Deutsche Unternehmen sind im Fusionsfieber

Finanz-Redakteur
So viele Firmen wie noch nie planen derzeit den Kauf eines Konkurrenten. Eine wahre Fusionswelle könnte über das Land schwappen. Die Summen, die dabei geboten werden, sind zuletzt enorm gestiegen.

Die deutsche Wirtschaft brummt, belegen die jüngsten Wachstumszahlen. Und dies beflügelt zunehmend auch den Wagemut in den Konzernspitzen. Denn so viele Unternehmen wie noch nie planen derzeit die Übernahme einer anderen Firma. Dies zeigt eine aktuelle Umfrage der Unternehmensberatung E&Y, die der „Welt“ exklusiv vorliegt.

Mehr als jedes zweite deutsche Großunternehmen, genau 56 Prozent, plant einen Zukauf in den kommenden zwölf Monaten. Das ist mehr als bei allen vorangegangenen Umfragen zu diesem Thema. Zuletzt, vor sechs Monaten, hatten schon 51 Prozent die Frage danach bejaht, inzwischen ist die Bereitschaft zu einer Übernahme jedoch weiter gestiegen.

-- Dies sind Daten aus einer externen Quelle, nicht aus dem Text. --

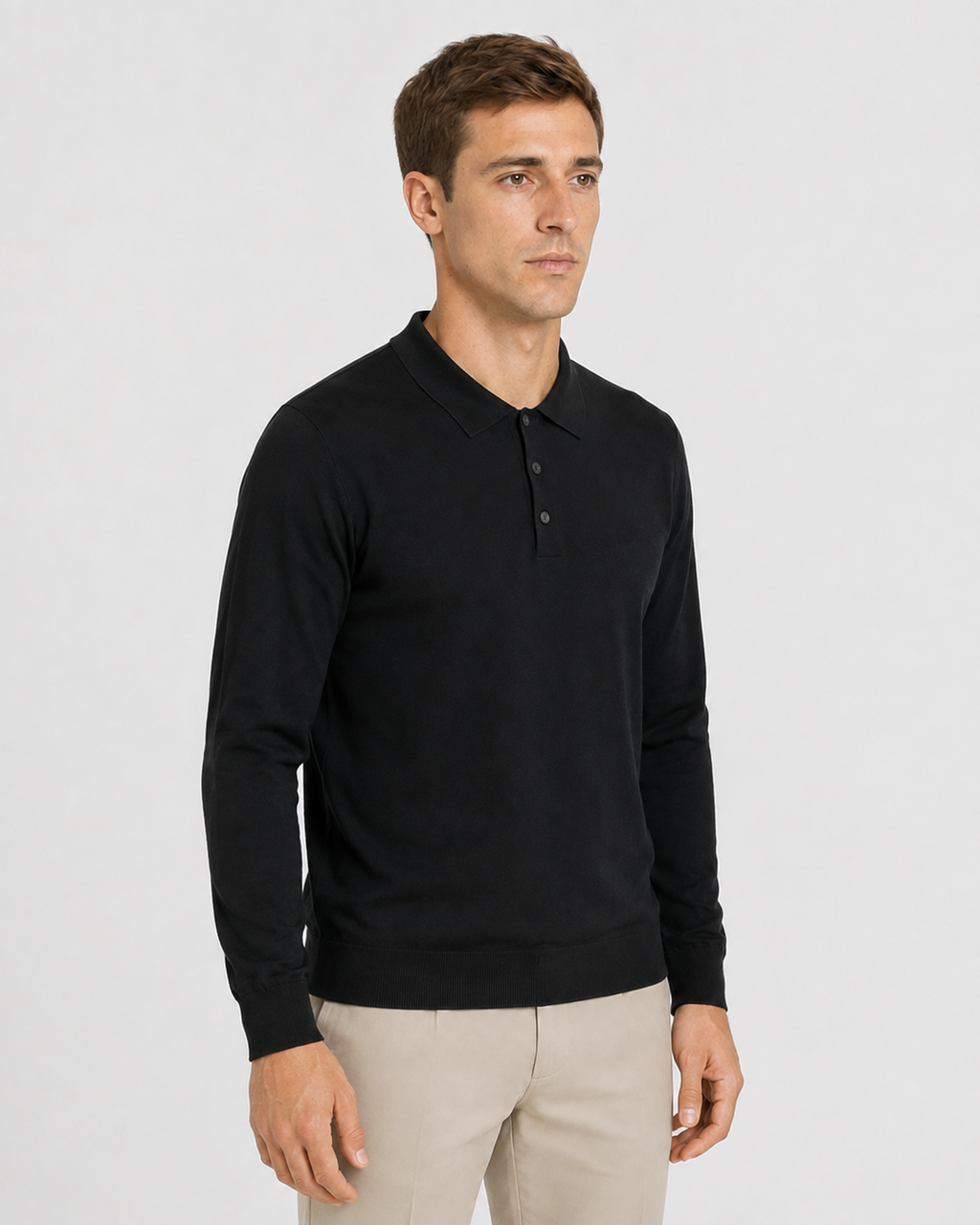 Long-Sleeve Polo, Black, threequarter-right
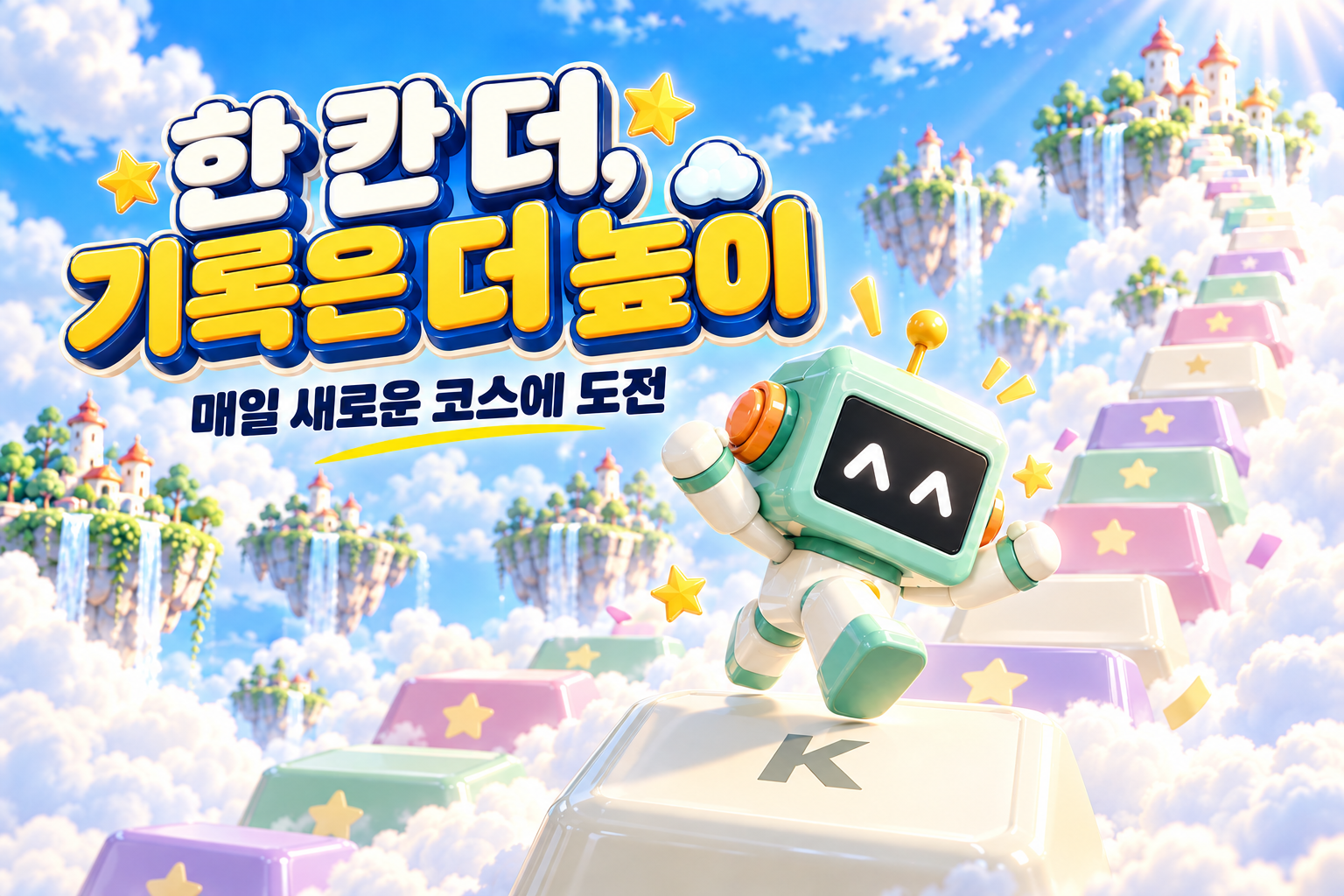 한 칸 더, 기록은 더 높이. 매일 새로운 코스에 도전. 끝없이 이어지는 하늘 계단과 민트 로봇의 게임 소개 일러스트.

Quelle: Infografik Die Welt

Es droht eine wahre Fusionswelle über die Wirtschaft zu schwappen, befeuert durch enorme Geldsummen. „Die Zentralbanken in den wichtigen Volkswirtschaften halten die Leitzinsen niedrig, allerorten kommen die Unternehmen leicht an frisches Kapital“, sagt Alexander Kron, Leiter des Bereichs Fusions- und Übernahmeberatung bei E&Y. „Dazu sind die Kassen vieler Konzerne prall gefüllt.“

Deutsche sind bereit, besonders viel Geld auszugeben

Das gilt insbesondere für die deutschen Firmen. Denn hierzulande sind inzwischen 26 Prozent bereit, mehr als 250 Millionen Dollar in den Ring werfen, um damit einen Konkurrenten oder eine Firma aus einer anderen Branche aufzukaufen. Im Frühjahr galt das für gerade mal vier Prozent. Weltweit dagegen will nur jedes sechste Unternehmen so viel ausgeben, auch wenn dort die Bereitschaft für Übernahmen sogar noch etwas größer ist (59 Prozent).

Quelle: Infografik Die Welt

Immerhin wollen die Deutschen ihr Geld vornehmlich auch in Deutschland investieren. Denn Ziele im eigenen Land stehen bei den Kaufwilligen hierzulande ganz oben auf der Wunschliste. Danach folgen Großbritannien, China, die USA und Indien. Unter den internationalen Konzernen rangiert Deutschland als Ziel dagegen erst auf Platz fünf. Hier stehen die USA ganz oben.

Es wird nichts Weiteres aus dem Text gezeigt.